■ Exercise data
------------------------------------------------
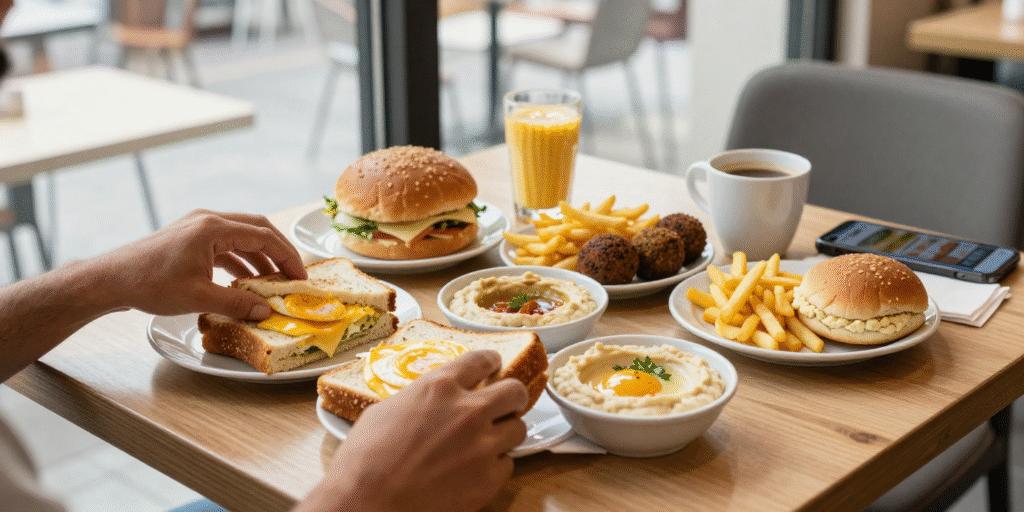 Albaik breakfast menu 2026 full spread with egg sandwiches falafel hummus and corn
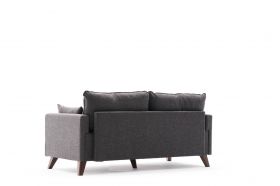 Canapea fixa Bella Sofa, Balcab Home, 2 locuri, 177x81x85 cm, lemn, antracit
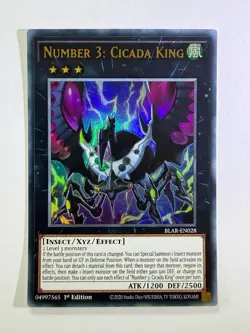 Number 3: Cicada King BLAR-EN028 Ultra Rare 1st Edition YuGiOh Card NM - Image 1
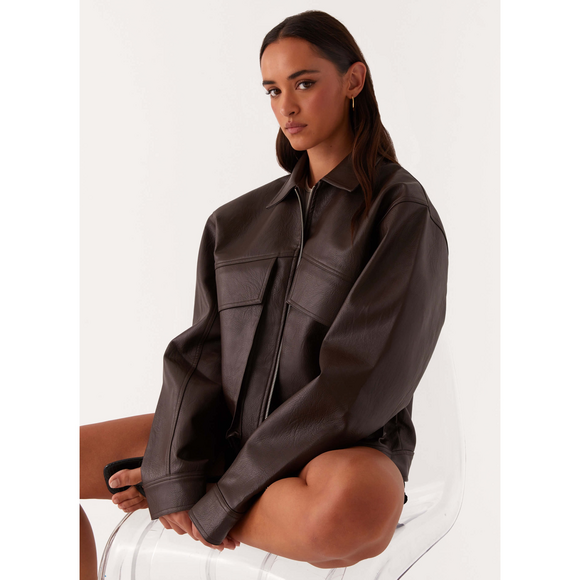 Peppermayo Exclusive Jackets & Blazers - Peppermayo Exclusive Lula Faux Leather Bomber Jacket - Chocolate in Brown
------------------------------------------------
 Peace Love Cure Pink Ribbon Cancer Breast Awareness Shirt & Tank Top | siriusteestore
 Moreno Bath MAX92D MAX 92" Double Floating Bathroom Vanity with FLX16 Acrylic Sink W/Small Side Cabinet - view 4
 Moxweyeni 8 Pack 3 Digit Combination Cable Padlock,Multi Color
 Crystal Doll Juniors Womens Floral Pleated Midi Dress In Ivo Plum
------------------------------------------------
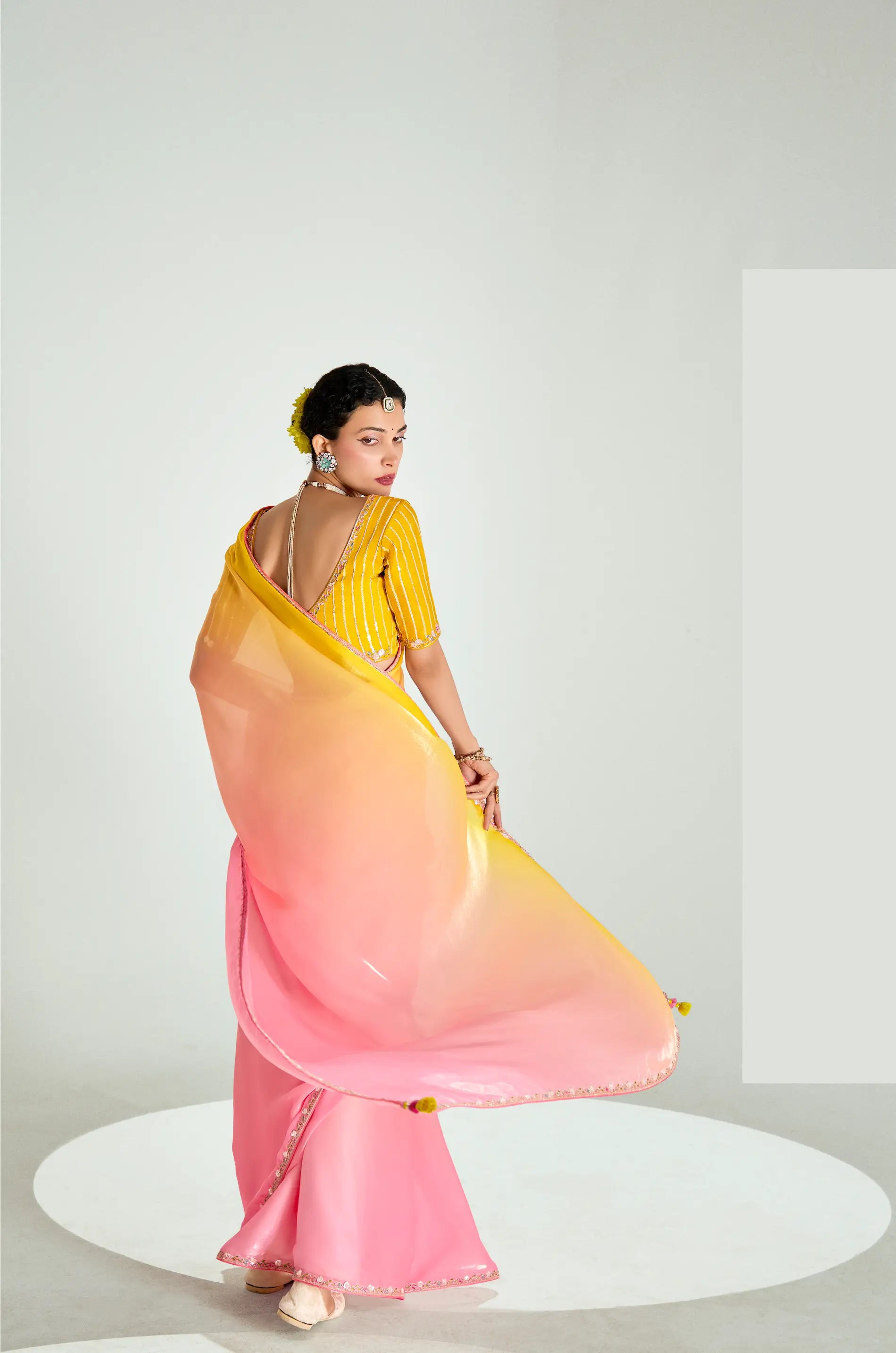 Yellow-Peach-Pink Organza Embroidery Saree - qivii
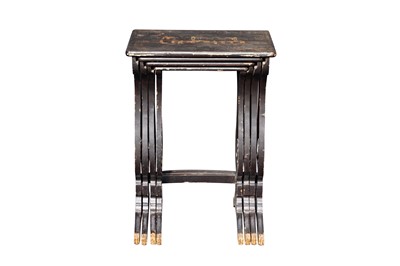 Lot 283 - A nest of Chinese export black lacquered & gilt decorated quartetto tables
------------------------------------------------
■ Your goal
Please output the lines above beginning at the line with "Number 3: Cicada" and ending after the line with "Peppermayo Exclusive Jackets", precisely as written and with no pictures.

■ Answer below
 Number 3: Cicada King BLAR-EN028 Ultra Rare 1st Edition YuGiOh Card NM - Image 1
 Peppermayo Exclusive Jackets & Blazers - Peppermayo Exclusive Lula Faux Leather Bomber Jacket - Chocolate in Brown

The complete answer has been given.